#### INPUT FOR THIS TASK
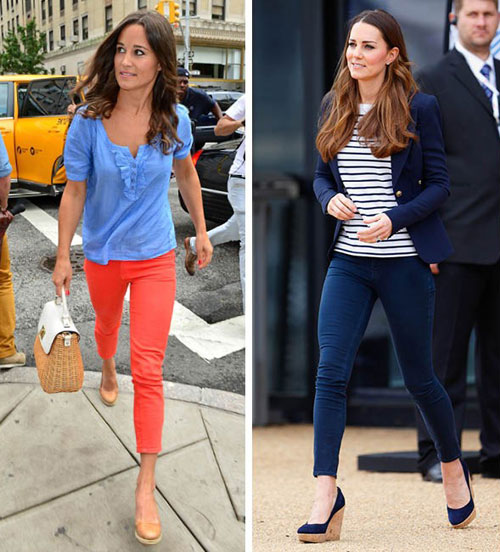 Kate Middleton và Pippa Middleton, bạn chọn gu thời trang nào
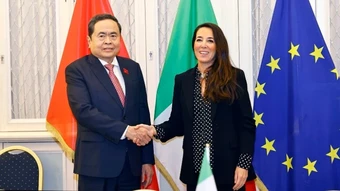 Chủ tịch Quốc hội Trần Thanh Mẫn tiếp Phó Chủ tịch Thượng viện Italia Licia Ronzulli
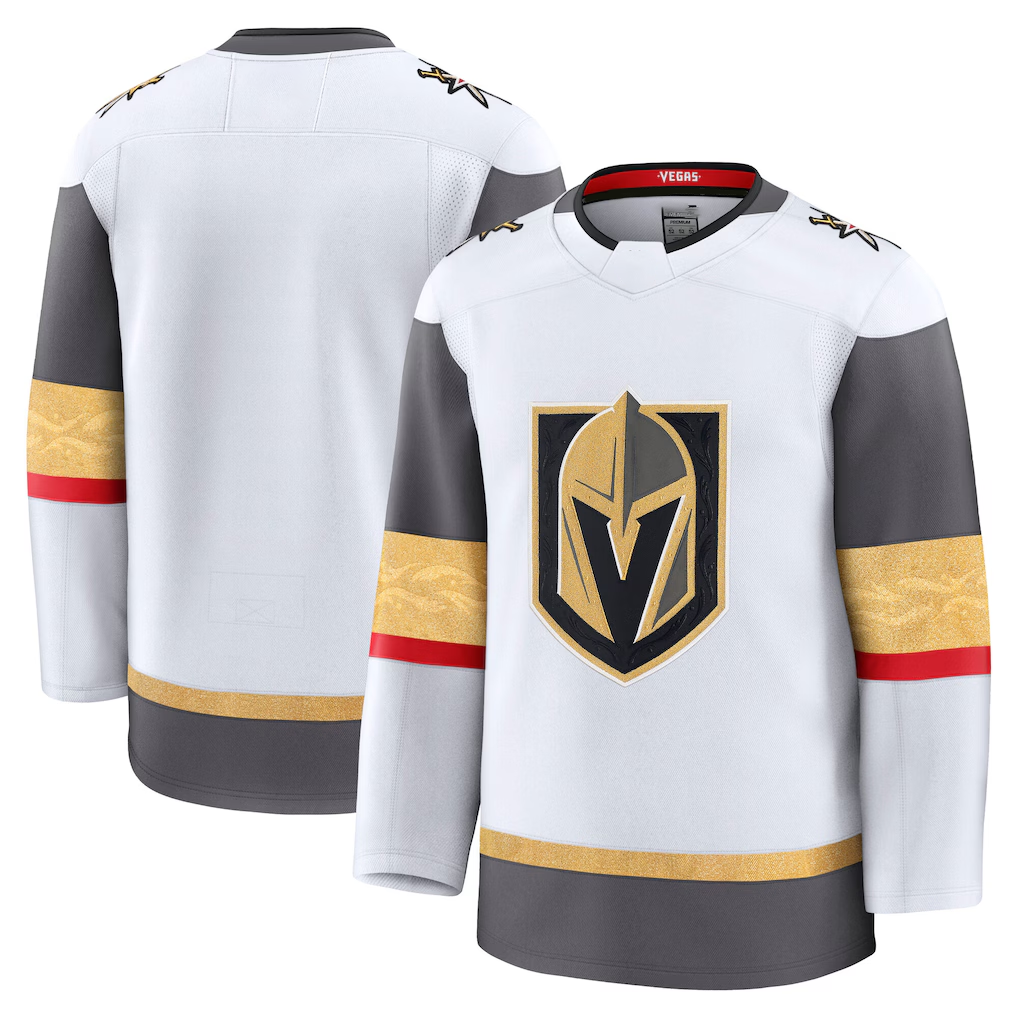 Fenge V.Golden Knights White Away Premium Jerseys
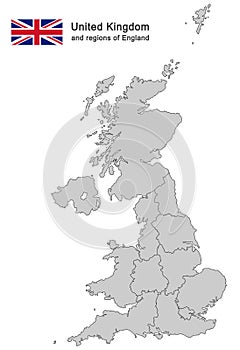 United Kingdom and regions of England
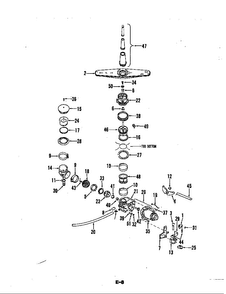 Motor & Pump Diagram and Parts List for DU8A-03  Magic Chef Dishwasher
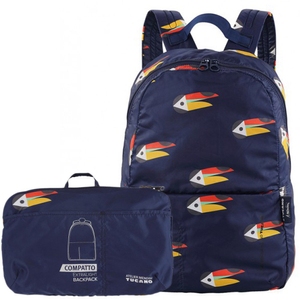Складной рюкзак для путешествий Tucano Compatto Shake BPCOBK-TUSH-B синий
########
Copy verbatim the span that opens at the line with "United Kingdom and regions of England" and closes at the final line of the listing. Do not carry over any pictures.

 United Kingdom and regions of England
 Motor & Pump Diagram and Parts List for DU8A-03  Magic Chef Dishwasher
Складной рюкзак для путешествий Tucano Compatto Shake BPCOBK-TUSH-B синий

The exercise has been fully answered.